После начала войны с Украиной из России уехали сотни тысяч человек. Многие противники путинского режима осели в Германии. Но здесь их почти не видно и не слышно. Почему, разбиралась Маша Майерс
Это был удивительный вечер и удивительный разговор. Итальянский ресторан в районе берлинской Фридрихштрассе уже закрывался, мы были последними гостями, паста давно съедена, тарелки пусты, но самое интересное только начиналось. Так часто бывало в самом отчаянно политизированном кафе Москвы – в “Жан-Жаке” на Никитском, возле легендарного Домжура, с той лишь разницей, что посетители его всегда были заметно пьяны и готовы к революциям. Минут 10 пешком – и ты у Кремля, еще 10 через мост – и уже на Болотной, в обратную сторону по бульварам – на Пушкинской площади, где толпу традиционно прессовал ОМОН. “Жан-Жак” давно закрыли, но дух его в тот вечер чудным образом перекочевал в Берлин: тут сидели люди и говорили о судьбах своих родин. По-русски.
Все говорят о войне
Таких разговоров в Европе теперь много. Редкая компания новоприбывших не упирается рано или поздно в то, что переломало, перевернуло, поснимало с мест сотни тысяч людей, не говоря уже о тех, кого это всепоглощающее зло уничтожило физически или раздавило морально. Украинцы едины и воодушевлены борьбой, русские же (пусть называются так, речь не о нации, конечно, а о социокультурной общности) растеряны: можно ли вернуться? как быть с родней? как вывести хоть какие-то деньги (честные, белые, свои)? как спасти страну от надвигающегося краха? и вообще, будет ли что спасать?

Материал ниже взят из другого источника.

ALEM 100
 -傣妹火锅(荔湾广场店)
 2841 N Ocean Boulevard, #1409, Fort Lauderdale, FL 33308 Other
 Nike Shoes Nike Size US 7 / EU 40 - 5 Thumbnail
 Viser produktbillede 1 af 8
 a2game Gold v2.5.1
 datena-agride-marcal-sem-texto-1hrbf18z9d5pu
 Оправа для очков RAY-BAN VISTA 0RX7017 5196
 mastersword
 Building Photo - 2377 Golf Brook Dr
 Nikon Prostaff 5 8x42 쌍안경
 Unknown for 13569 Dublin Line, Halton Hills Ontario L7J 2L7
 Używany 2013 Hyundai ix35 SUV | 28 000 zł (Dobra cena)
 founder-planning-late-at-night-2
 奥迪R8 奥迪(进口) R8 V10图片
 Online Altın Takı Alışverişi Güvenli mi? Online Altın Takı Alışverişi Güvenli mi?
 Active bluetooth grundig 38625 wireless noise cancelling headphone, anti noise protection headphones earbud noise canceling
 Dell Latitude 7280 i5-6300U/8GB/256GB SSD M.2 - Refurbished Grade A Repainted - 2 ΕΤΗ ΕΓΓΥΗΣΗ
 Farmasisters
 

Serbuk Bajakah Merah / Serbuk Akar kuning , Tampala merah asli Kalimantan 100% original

Мы бы тоже говорили и говорили об этом часами, цепляя карпаччо кончиком вилки, если бы не одно “но”: в нашей компании были немцы. Прекрасно образованные русскоговорящие немцы, которые стали задавать совсем другие вопросы. Мне до сих пор не дает покоя один:
– Почему вы, русские, не выходите на улицы против Путина и против войны?
Мой тяжелый вздох эхом разнесся над Шпрее:
– На улицы Москвы?
– На улицы Берлина.
– Зачем?
– Как это зачем?!
Если нас бьют, значит нас боятся
Вот и поговорили, называется. Я живо представила себе, как жидкую сотню на смех поднимает съемочная группа RT, иллюстрируя вялый марш кадрами из уличной жизни городских сумасшедших и сексуальных меньшинств. Представила плотно зашторенные окна российского посольства на Унтер-ден-Линден, вспомнила, с какой иронией сама смотрела на эту, как мне казалось, клоунаду с флажками еще из Москвы, по ютубу “Дождя”, например. Когда мы шли в автозаки, а они в Берлине – в пивную. Ну нет, несерьезно, да бросьте!
Но немцы настаивали. Это же так важно: говорить о своем несогласии с линией власти, выступать против войны, использовать в полную силу те институты демократии, которые здесь доступны любому: только протяни руку и возьми!
“Я разучилась!” – почти сорвалось с губ. Я не знаю, что делать с этой штуковиной. Я два десятилетия ходила на митинги, будь то Прогулка писателей, Марш матерей, ОккупайАбай или Болотная. Я не заметила, в какой именно судьбоносный момент насилие над участниками стало неотъемлемой частью этих акций. Вот такой у нас в итоге получился диалог – не с немцами, с российской властью: репрессии оказались языком, понятным обеим сторонам. Если нас бьют, значит нас боятся. Чем сильнее бьют, тем больше боятся. Так, по крайней мере, было до войны.
Русские – молчат
Теперь мы сидим перед пустыми тарелками на Фридрихштрассе, в Украине моя страна преступно стирает с лица земли город за городом, и я не чувствую ничего, кроме растерянности и усталости. Я не представляю своего адресата: кому в Берлине нужно мое одинокое фальцетное “Нет войне”?
“Нам,” – говорят мои немецкие собеседники. Чтобы Германия знала, что не все русские поддерживают Путина. Что не все матери гордятся погибшими сыновьями. Что не все дети рисуют танчики, мечтая бить “бандеровца” на поле боя.
Но русские молчат, мчатся с востока по Европе лубочной птицей-тройкой, не дают ответа. Я догадываюсь, в чем причина молчания – приспособились, приютились, пригрелись. “Зачем нам куда-то идти?” – говорят. Впрочем, я не делюсь своими догадками с собеседниками, я теперь тоже молчу.